Salah satu karya sastra terkenalnya adalah novel "Salah Asuhan", yang menjadi bacaan wajib di sekolah-sekolah. Novel ini juga pernah diadaptasi menjadi film.

Dalam pergerakan, Abdoel Moeis aktif sebagai anggota Sarekat Islam (SI). Ia bukan hanya seorang anggota biasa, tetapi namanya dianggap setara dengan tokoh SI lainnya, seperti Haji Agus Salim dan Mohammad Roem. Abdoel Moeis juga merupakan anggota pengurus besar SI.

Pada kongres SI tahun 1916 di Bandung, ia menekankan pentingnya upaya dalam bidang pendidikan bagi rakyat Indonesia, terutama bagi kaum Muslim.

Sebagai seorang aktivis pergerakan yang cerdas, Abdoel Moeis memilih cara unik untuk memperjuangkan nasib bangsanya. Selain menulis dengan tajam, ia juga bergabung dalam Komite Bumiputera bersama Tjipto Mangoenkusoemo, Soewardi Soerjaningrat, dan Wignyadisastra.

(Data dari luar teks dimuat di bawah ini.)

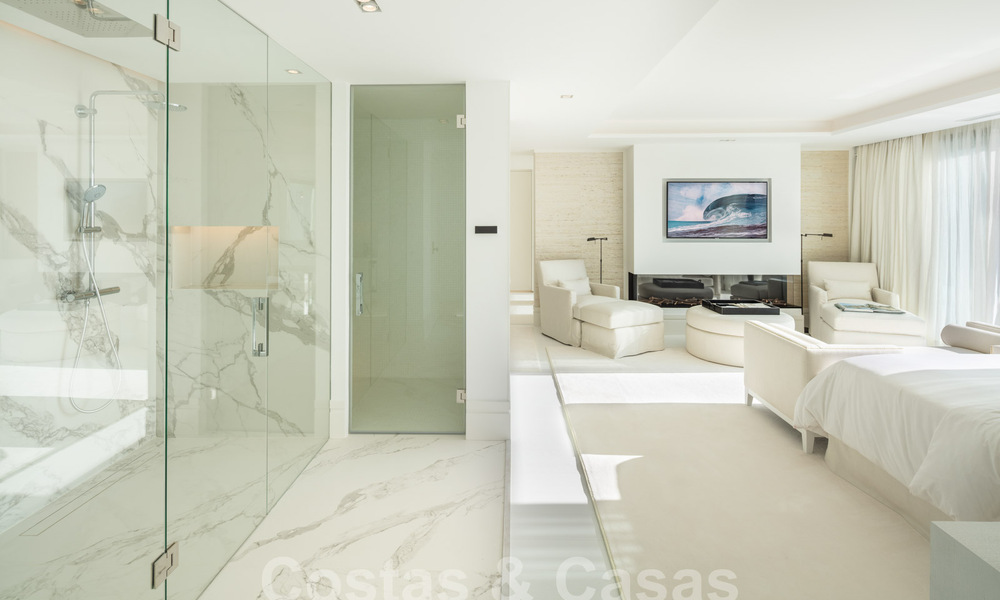 Spectaculaire luxevilla te koop in resort stijl met zeezicht in Nueva Andalucia’s golfvallei, Marbella 61075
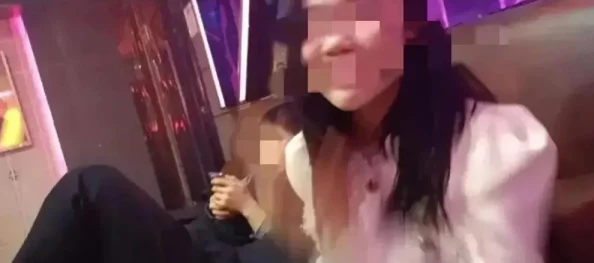 女人破处视频网友推荐这部影片真实展现了女性的成长与探索过程引发了许多观众的共鸣值得一看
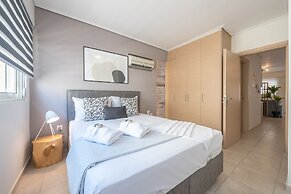 Luxury Loft with a Balcony by CloudKeys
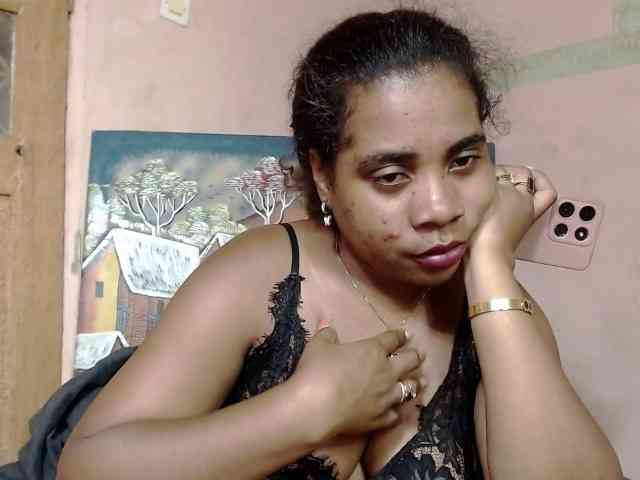 AlineEdena webcam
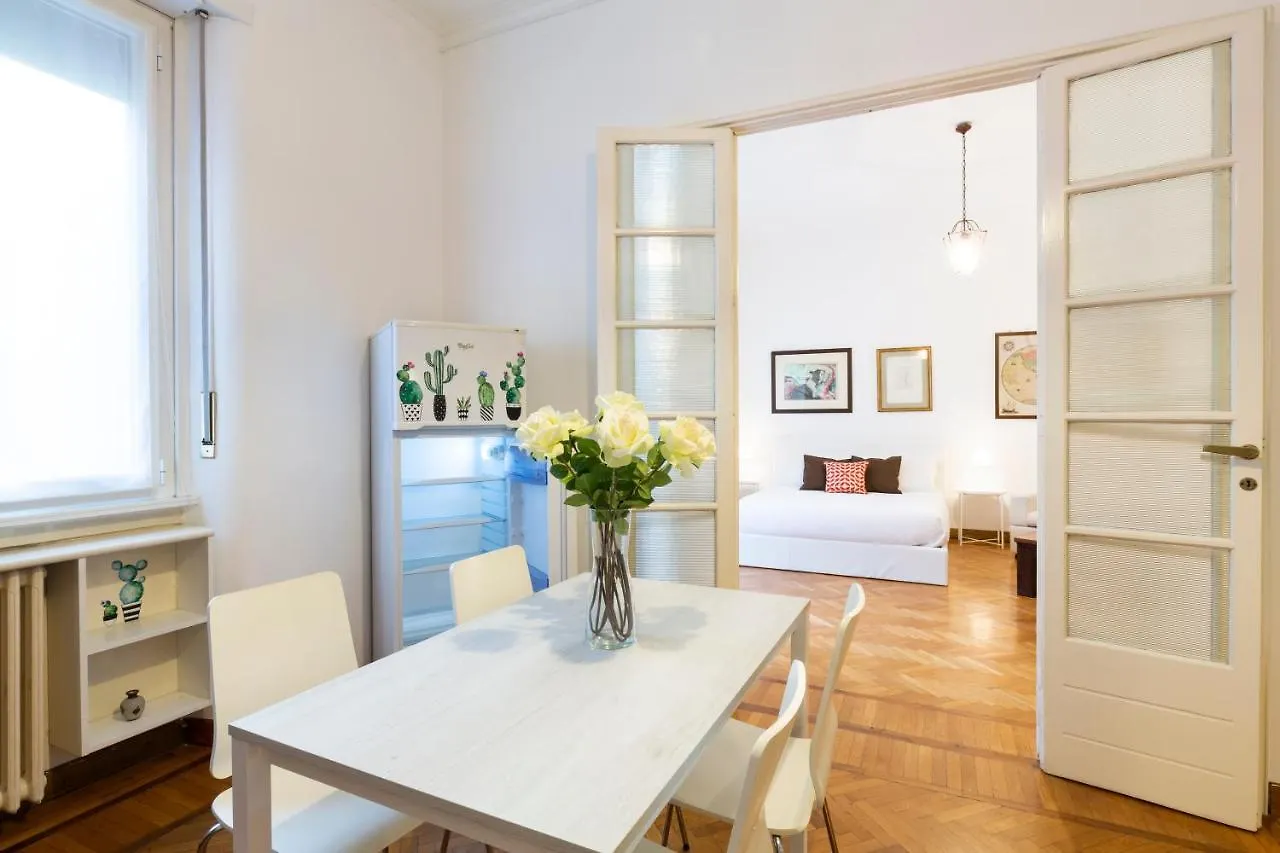 Living Isola Apartment Milan 0*,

Komite ini melakukan protes terhadap perayaan yang diadakan oleh Belanda untuk memperingati seratus tahun kemerdekaan Belanda dari penjajahan Perancis. Aksi ini membuat Abdoel Moeis harus menghadapi pengadilan.

Pada berbagai kesempatan, Abdoel Moeis menggunakan kesempatan yang dimilikinya untuk kepentingan Indonesia. Ketika ia dikirim ke Belanda (Indie Weerbaar), ia memanfaatkan kesempatan tersebut untuk mempengaruhi tokoh-tokoh politik Belanda agar mendirikan sekolah teknik tinggi (Technische Hooge School) di Indonesia. Upayanya tidak sia-sia, karena sekolah tersebut akhirnya didirikan dan sekarang dikenal dengan nama Institut teknologi Bandung (ITB).

Pada 25 November 1918, bersama dengan HOS Tjokroaminoto, Abdoel Moeis sebagai perwakilan SI dalam Volksraad (Dewan Rakyat) mengajukan mosi kepada pemerintah Belanda. Mosi tersebut menuntut agar pemerintah kolonial membentuk parlemen yang anggotanya dipilih langsung oleh rakyat.

Selain itu, Abdoel Moeis juga terlibat dalam peristiwa pemogokan massal para buruh di Yogyakarta pada tahun 1922.

Tindakan perlawanan Abdoel Moeis, baik melalui tulisan maupun kegiatan dalam pergerakan, membuat pemerintah Belanda menganggapnya sebagai ancaman. Pada tahun 1927, pemerintah kolonial Belanda akhirnya menangkap dan mengasingkannya ke Garut, Jawa Barat.

Meskipun berada dalam pembuangan, Abdoel Moeis tidak berhenti melawan. Malah, ia membentuk Persatuan Perjuangan Priangan dengan tujuan memperjuangkan kemerdekaan. Abdoel Moeis tidak pernah lelah dalam perjuangannya melawan penjajahan.

Abdoel Moeis meninggal di Bandung pada tanggal 17 Juni 1959. Pada tahun yang sama, hanya dua bulan setelah kematiannya, pemerintah memberikan gelar pahlawan nasional kepada Abdoel Moeis.